# Work request
The listing is to be reproduced exactly, excluding its pictures.

Input data START

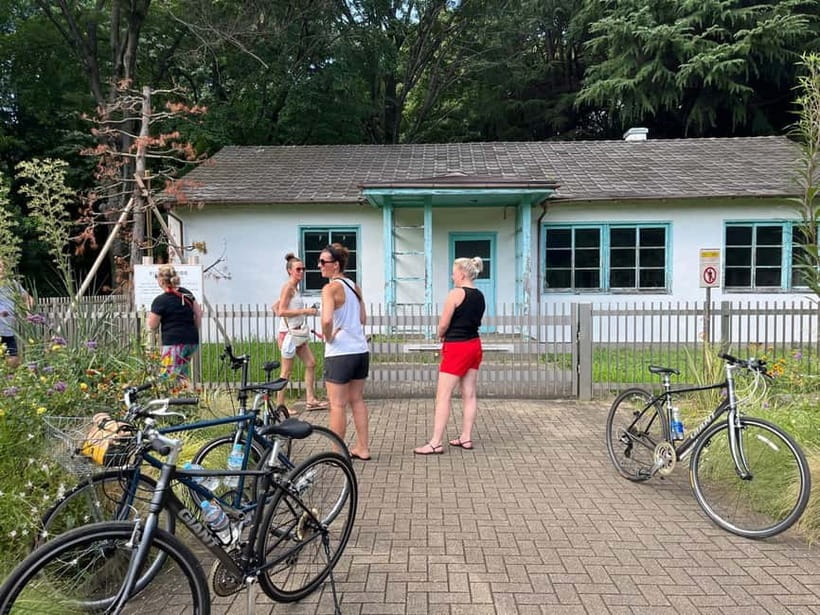 Tokyo Bike Tour: Shibuya, Harajuku & Hidden Gems - Yoyogi Park photos and Shibuya street scenes: the calm before the chaos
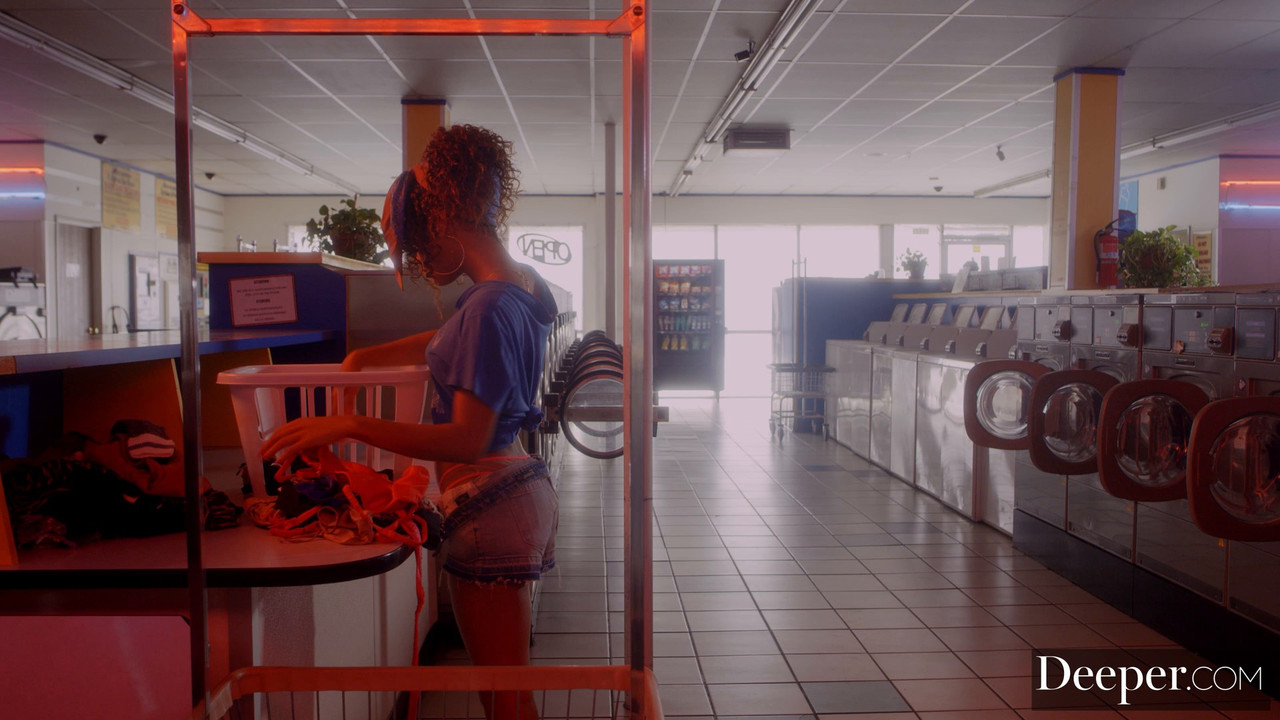 Scarlit Scandal - Delicates - DEEPER.mp4.0000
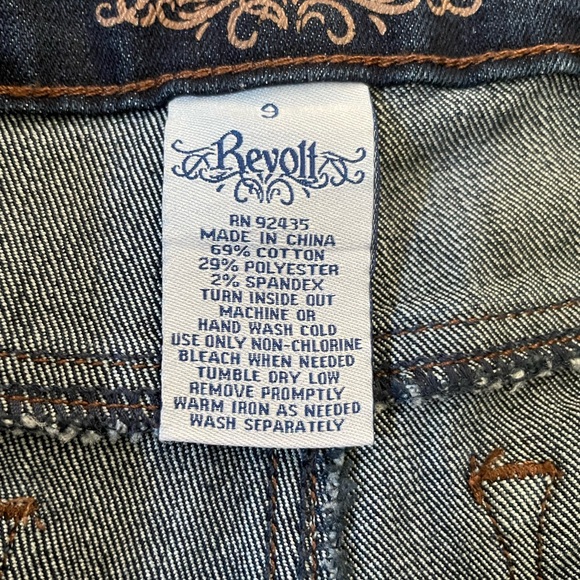 RARE Revolt VTG Flare/Bellbottom Jeans. Junior Size 9. Never worn. - Picture 7 of 15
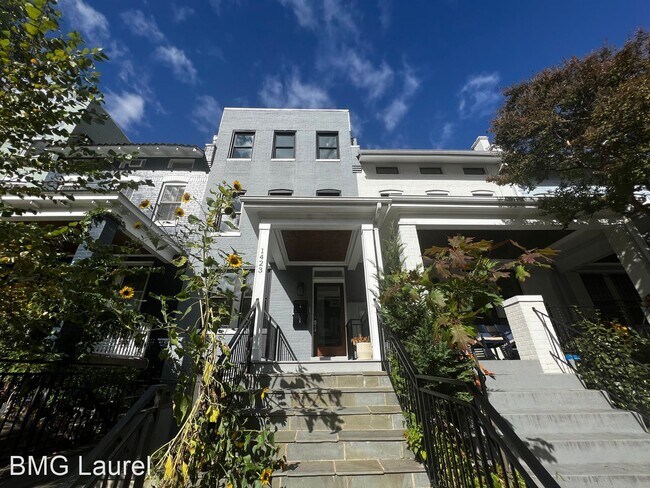 Building Photo - 3 br, 3 bath House - 1423 Meridian Pl NW (#1)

Input data END

# Answer section
 Tokyo Bike Tour: Shibuya, Harajuku & Hidden Gems - Yoyogi Park photos and Shibuya street scenes: the calm before the chaos
 Scarlit Scandal - Delicates - DEEPER.mp4.0000
 RARE Revolt VTG Flare/Bellbottom Jeans. Junior Size 9. Never worn. - Picture 7 of 15
 Building Photo - 3 br, 3 bath House - 1423 Meridian Pl NW (#1)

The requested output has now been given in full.